Here's how it was reported in the Dominion Post:

Sun gets birthday blessing

By KELLY BURNS - The Dominion Post
Last updated 09:32 08/04/2009

Kiwi Jews were the first in the world to give the Sun a birthday blessing in a one-in-28-year ceremony this morning.

As daylight broke, Jews around the country recited prayers to celebrate their belief that Earth was created 5769 years ago.

Wellington Rabbi Chaim Dovrat said it was a ''restaging of the heavens as they were at the beginning of time''.

According to the Talmud, the central book of laws and traditions of Judaism, once every 28 years the Sun returns to its precise position in the sky - at the same time and day of the week as the moment of its creation.

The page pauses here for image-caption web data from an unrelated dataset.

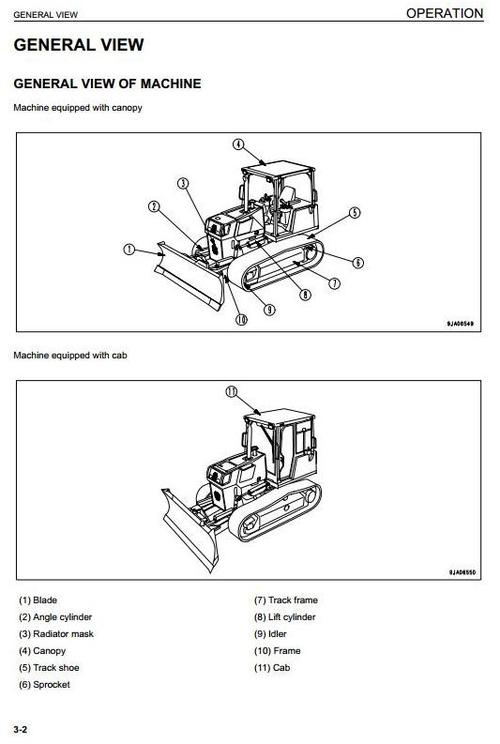 Product picture Komatsu Crawler Dozers D31EX-21, D31PX-21, D37EX-21, D37PX-21, D39EX-21, D39PX-21 Operating and Maintenance Instructions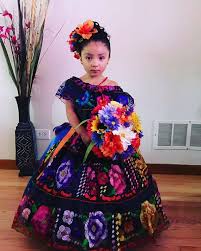 Maybe you would like to learn more about one of these? Authentic Chiapaneco Dress All Hand Embroided Size 1t To 12 Years Vestido Chiapan Traditional Mexican Dress Mexican Dresses For Kids Mexican Theme Party Outfit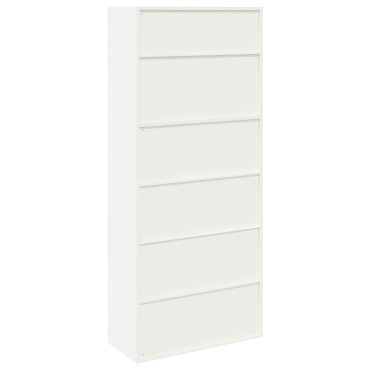 vidaXL Ντουλάπι αποθήκευσης 2 τεμ. Λευκό 90x40x210cm Ατσάλι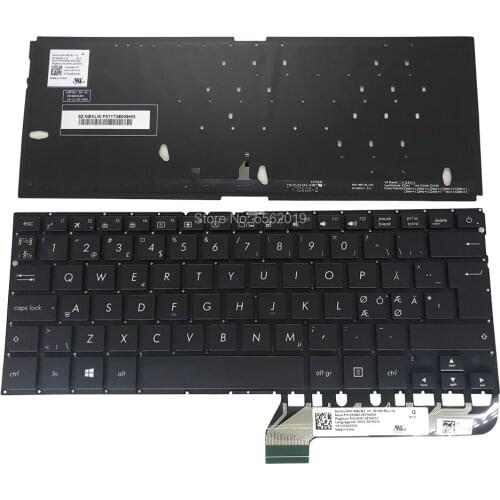 OVY NE Backlight keyboard for ASUS ZenBook UX430 UX430UA UX430UQ UX430UN Norway black Replacement keyboards 0KNB0 2627ND00 New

The Sun rose at 6.24am today, but Rabbi Dovrat led the rare blessing from the Webb St synagogue at 7.45am.
About 40 people, ranging in age from 5 to 77 and including non-Jews, were at the synagogue for the celebration. "It was surprisingly beautiful morning. My wife said I must surely have a good connection with God, because it was suppose to be cloudy and rainy but at 7.45am the sun was so clear."

He said it was a special celebration as the 7500 Jews in New Zealand would be the first in the world to give the blessing of the Sun. "It's a rare occasion, something you only get to do once or twice in your life."

After the blessing in Hebrew and English there was wine; "Then it was, see you in 28 years," Rabbi Dovrat joked.

For only the third time in history, the blessing falls on the eve of Passover, Pesach, a celebrated holiday in the Jewish calendar.


Birkat Hachama - or blessing of the Sun - happens every 28 years as Judaism believes the Sun returns to its time and place at creation.

Today is the 206th cycle of the Sun aligning with its position when created
by God.

Jews believe the Earth was created 5769 years ago and the Sun was made on Wednesday, the fourth day of creation.

Today, at the first rays of sunshine, Jews went outside, faced east and recited prayers in Hebrew and English and psalms.